• _Material to process_:
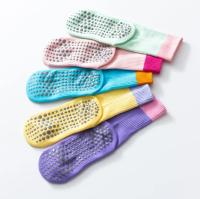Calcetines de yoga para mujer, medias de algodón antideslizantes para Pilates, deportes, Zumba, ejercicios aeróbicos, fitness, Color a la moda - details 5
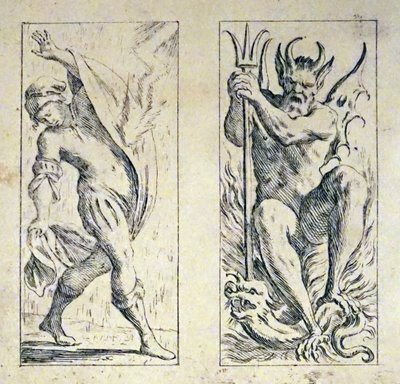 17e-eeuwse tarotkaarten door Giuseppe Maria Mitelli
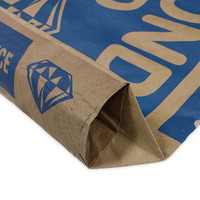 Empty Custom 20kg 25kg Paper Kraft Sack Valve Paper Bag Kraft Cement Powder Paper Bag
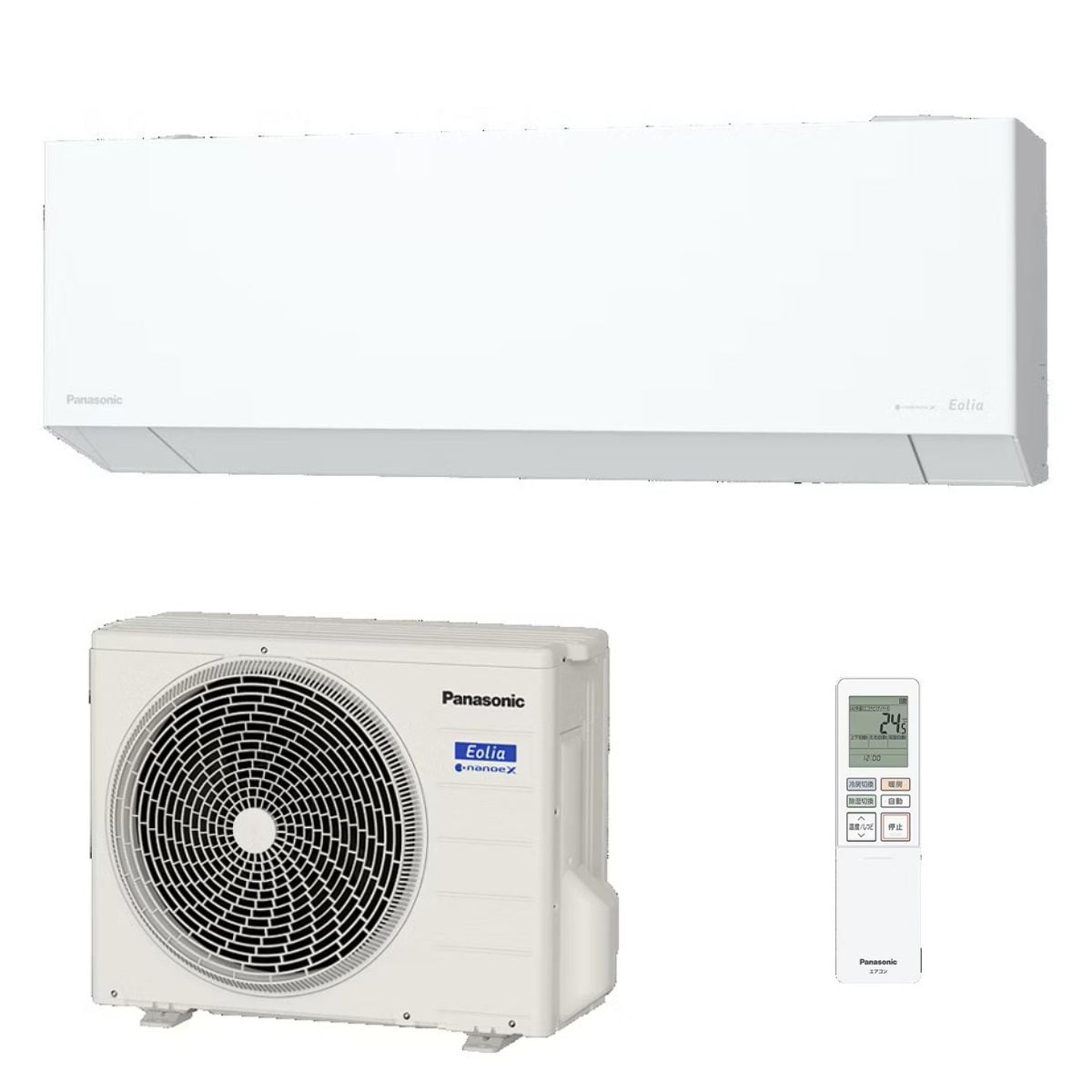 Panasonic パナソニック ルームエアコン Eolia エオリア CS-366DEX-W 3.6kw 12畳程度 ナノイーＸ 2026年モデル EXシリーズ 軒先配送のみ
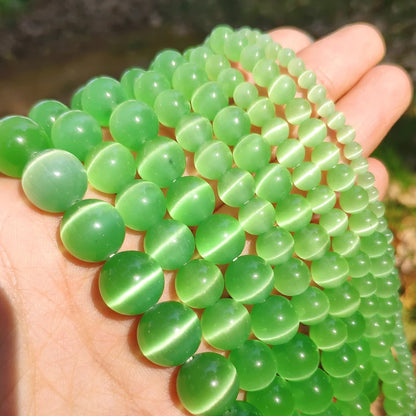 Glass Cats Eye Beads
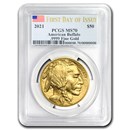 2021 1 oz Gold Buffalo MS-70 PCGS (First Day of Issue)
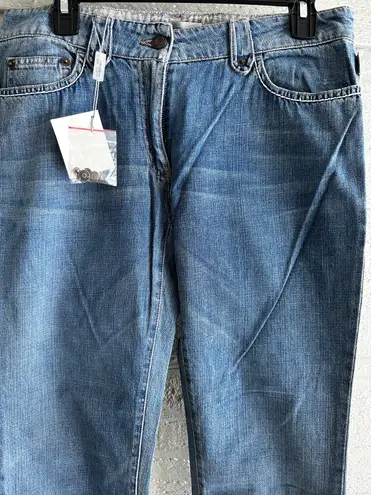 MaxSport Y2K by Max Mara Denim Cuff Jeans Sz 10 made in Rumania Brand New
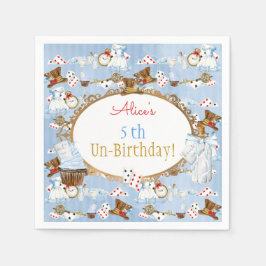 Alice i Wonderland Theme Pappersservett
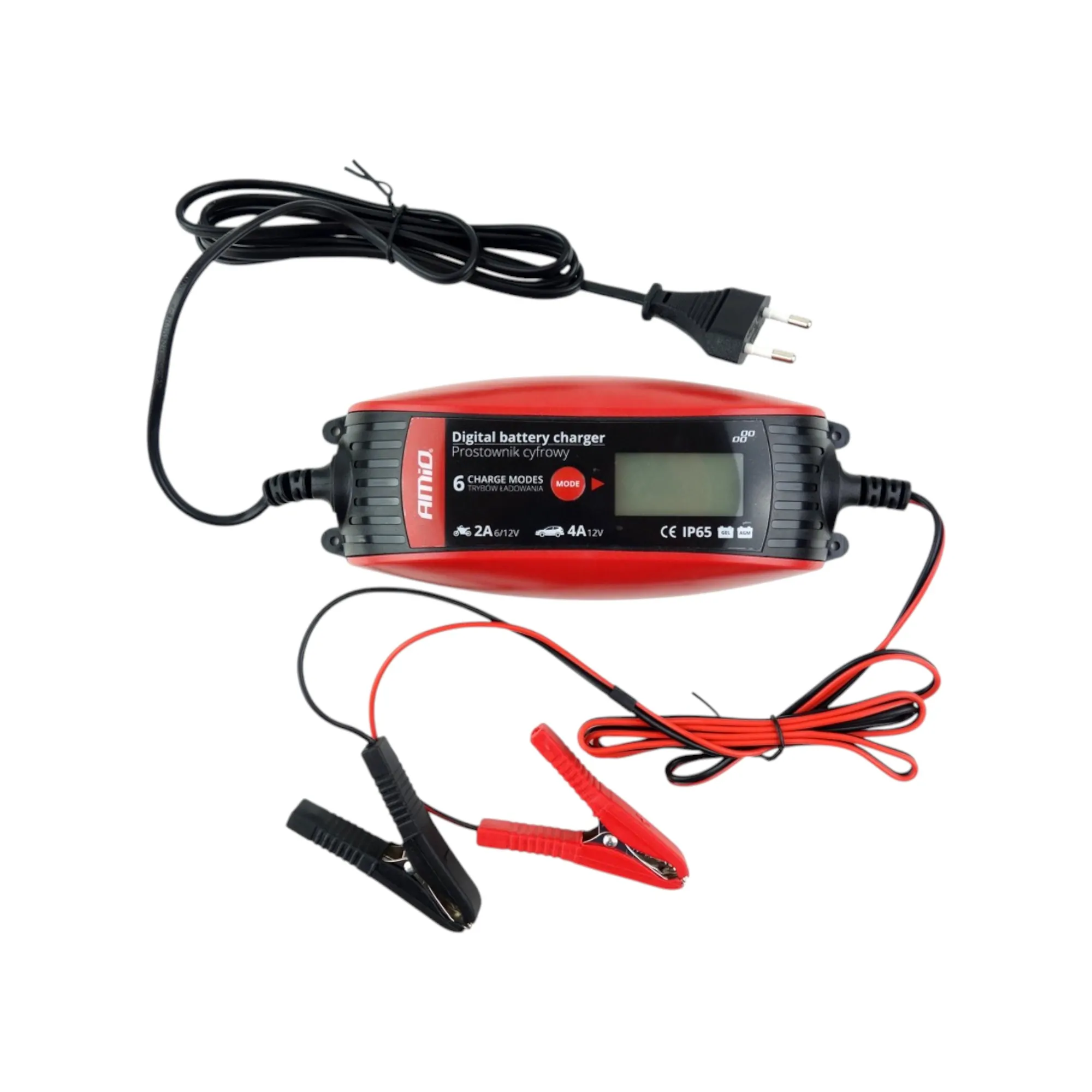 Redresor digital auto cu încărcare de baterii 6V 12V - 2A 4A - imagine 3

* * *

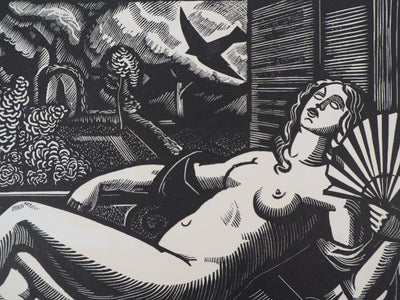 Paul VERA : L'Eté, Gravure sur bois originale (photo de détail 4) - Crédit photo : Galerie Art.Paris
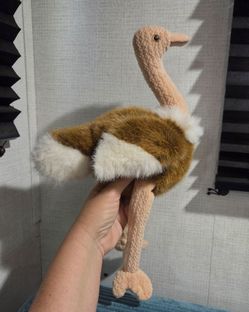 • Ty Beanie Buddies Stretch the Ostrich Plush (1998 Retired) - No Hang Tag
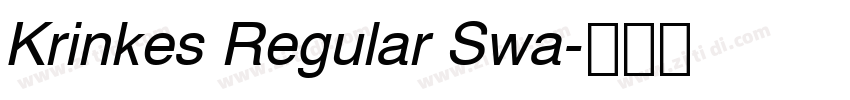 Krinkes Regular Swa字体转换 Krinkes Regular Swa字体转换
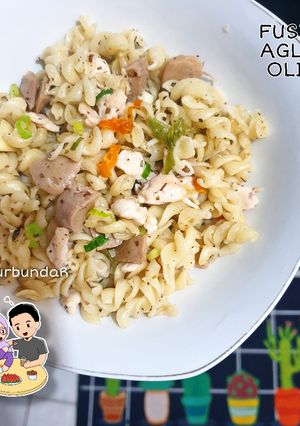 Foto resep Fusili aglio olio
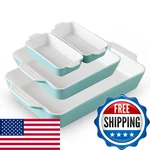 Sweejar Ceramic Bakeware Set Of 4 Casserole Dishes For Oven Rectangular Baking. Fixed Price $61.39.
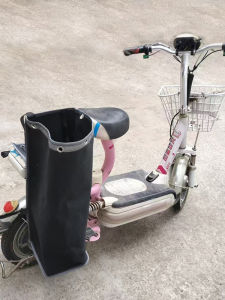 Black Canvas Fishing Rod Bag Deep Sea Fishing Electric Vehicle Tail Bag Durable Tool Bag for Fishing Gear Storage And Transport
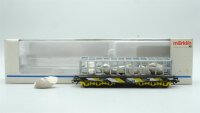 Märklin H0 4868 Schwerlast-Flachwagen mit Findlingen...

* * *

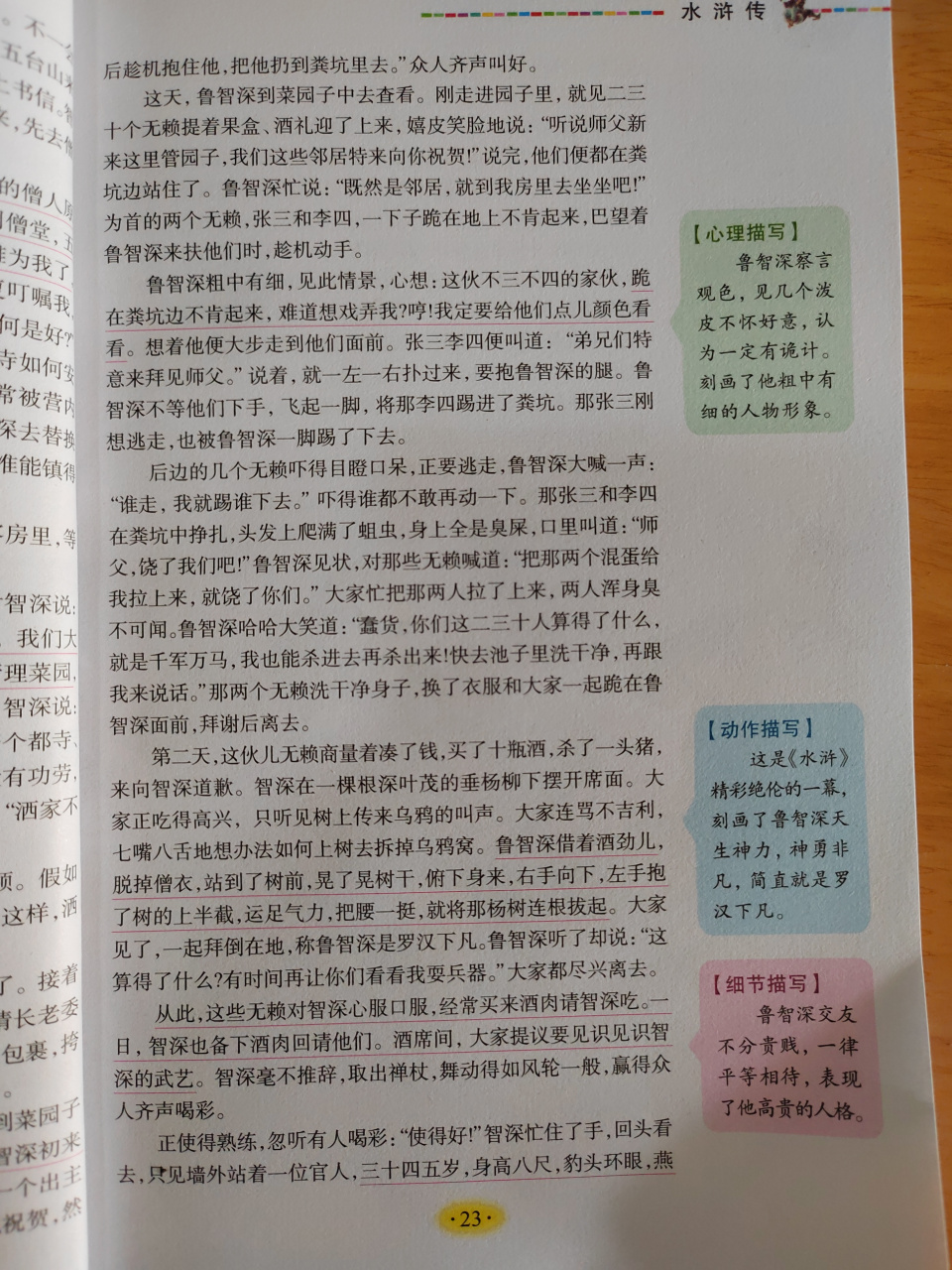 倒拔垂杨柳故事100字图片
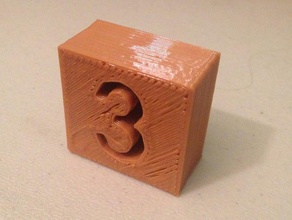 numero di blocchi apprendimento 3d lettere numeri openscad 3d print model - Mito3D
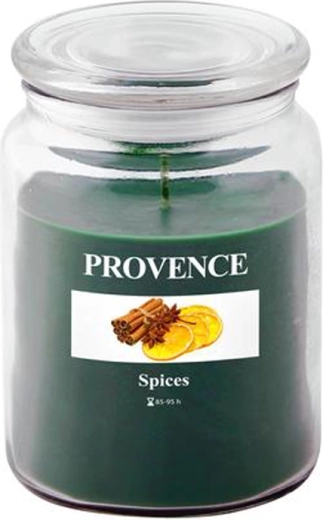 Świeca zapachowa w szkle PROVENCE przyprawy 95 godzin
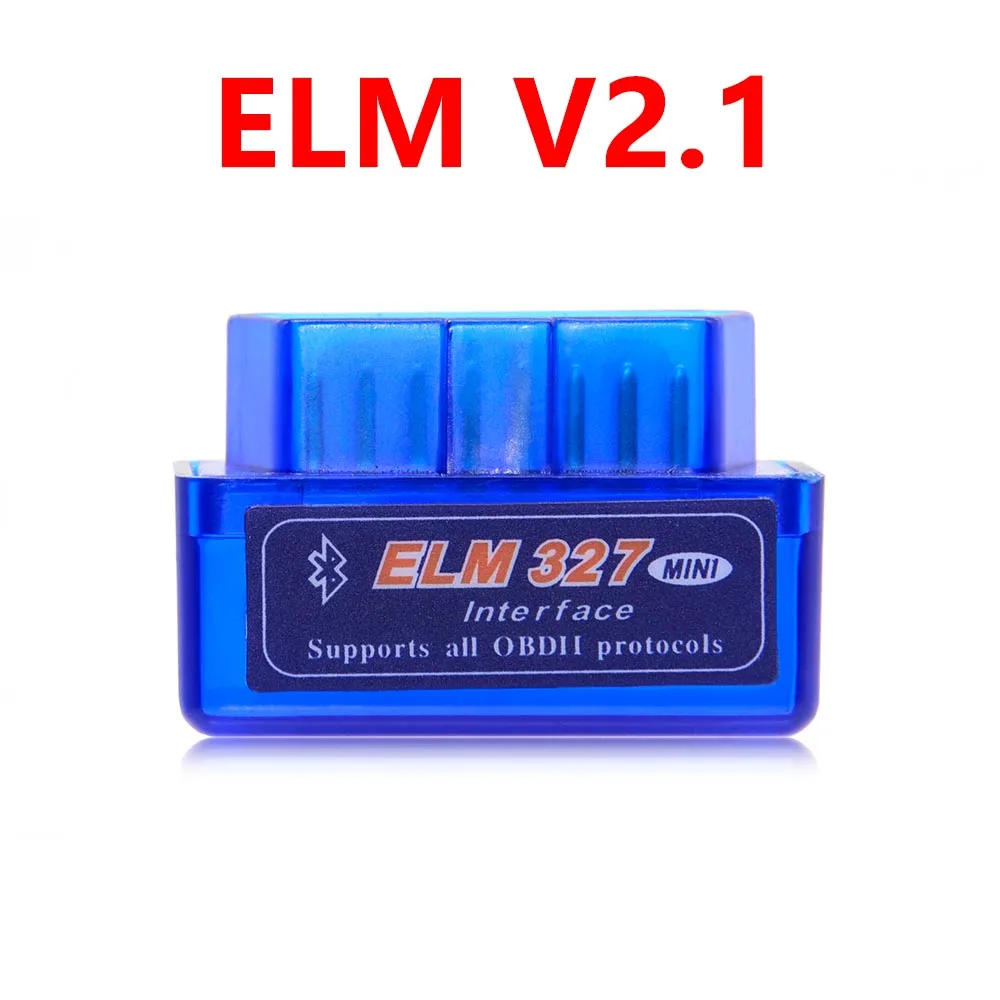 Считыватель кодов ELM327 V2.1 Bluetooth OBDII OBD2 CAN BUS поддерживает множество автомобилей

• _Task goal_:
Once the line with "Calcetines de yoga" is found above, transcribe each line from it through the line with "Redresor digital auto", exactly, and omit the pictures.

• _Task result_:
Calcetines de yoga para mujer, medias de algodón antideslizantes para Pilates, deportes, Zumba, ejercicios aeróbicos, fitness, Color a la moda - details 5
 17e-eeuwse tarotkaarten door Giuseppe Maria Mitelli
 Empty Custom 20kg 25kg Paper Kraft Sack Valve Paper Bag Kraft Cement Powder Paper Bag
 Panasonic パナソニック ルームエアコン Eolia エオリア CS-366DEX-W 3.6kw 12畳程度 ナノイーＸ 2026年モデル EXシリーズ 軒先配送のみ
 Glass Cats Eye Beads
 2021 1 oz Gold Buffalo MS-70 PCGS (First Day of Issue)
 MaxSport Y2K by Max Mara Denim Cuff Jeans Sz 10 made in Rumania Brand New
 Alice i Wonderland Theme Pappersservett
 Redresor digital auto cu încărcare de baterii 6V 12V - 2A 4A - imagine 3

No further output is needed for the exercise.